Description
What seas sing through our bones is a journey poem and a queer love story co-created and recounted during a time of war, censorship and extreme border control, a time much like now. Repurposing the bravado and longing of an almost entirely masculine-heroic history of seafaring stories, logbooks and poems to its own feminist end, the narrative asks, “What difference does it make who speaks or listens?”
In a voyage that runs from Nova Scotia to San Diego, then along the Pacific coast of Mexico’s Baja peninsula into the Sea of Cortez, the poem’s narrators relate the marvels and disasters they encounter as they move from one language to another, and between land and sea.
Haunted by the echoes and instructions of earlier wayfarers, strange sightings and species extinctions, the poem’s narrative unfolds in the complicated affections among women lovers, living bodies and the resounding sea.
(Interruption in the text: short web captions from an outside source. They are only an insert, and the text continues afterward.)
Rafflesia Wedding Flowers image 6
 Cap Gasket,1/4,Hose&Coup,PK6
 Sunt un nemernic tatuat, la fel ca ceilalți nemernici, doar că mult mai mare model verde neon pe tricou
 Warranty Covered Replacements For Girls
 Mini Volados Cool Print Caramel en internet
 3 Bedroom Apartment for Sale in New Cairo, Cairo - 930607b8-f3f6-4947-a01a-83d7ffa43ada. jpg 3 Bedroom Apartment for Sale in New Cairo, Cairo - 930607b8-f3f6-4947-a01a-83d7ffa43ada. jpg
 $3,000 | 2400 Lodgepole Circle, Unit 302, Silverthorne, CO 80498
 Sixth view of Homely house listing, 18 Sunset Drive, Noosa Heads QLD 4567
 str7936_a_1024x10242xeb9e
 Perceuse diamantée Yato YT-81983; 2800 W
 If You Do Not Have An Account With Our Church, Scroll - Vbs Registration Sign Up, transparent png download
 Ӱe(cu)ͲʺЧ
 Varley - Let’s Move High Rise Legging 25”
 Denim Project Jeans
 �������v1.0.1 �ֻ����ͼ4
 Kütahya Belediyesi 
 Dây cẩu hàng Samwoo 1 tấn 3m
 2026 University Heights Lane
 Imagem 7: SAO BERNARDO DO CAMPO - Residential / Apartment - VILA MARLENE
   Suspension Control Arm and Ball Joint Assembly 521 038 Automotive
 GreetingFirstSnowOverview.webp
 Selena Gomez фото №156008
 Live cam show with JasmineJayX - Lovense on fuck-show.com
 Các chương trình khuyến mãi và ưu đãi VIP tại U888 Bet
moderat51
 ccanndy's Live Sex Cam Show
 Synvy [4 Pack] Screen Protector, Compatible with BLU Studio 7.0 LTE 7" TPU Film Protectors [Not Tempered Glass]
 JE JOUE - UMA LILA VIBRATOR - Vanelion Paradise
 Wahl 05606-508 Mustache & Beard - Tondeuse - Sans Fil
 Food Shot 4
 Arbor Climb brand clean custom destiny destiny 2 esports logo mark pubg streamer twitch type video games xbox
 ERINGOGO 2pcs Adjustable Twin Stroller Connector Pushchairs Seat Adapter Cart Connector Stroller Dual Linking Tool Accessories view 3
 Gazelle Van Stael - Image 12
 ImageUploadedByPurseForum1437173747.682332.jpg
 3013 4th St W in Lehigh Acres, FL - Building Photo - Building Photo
No journey is ever really undertaken alone. Every action (whether sorting what to pack, gathering guides to help face the unknown, or worrying about who or what is left behind) reaches backward and forward in time. Still, not all such co-voyagers are equally good companions. When at sea, the important challenge is to learn to listen through so much human noise to other kinds of reverberations, even for the silences of worlds disappearing.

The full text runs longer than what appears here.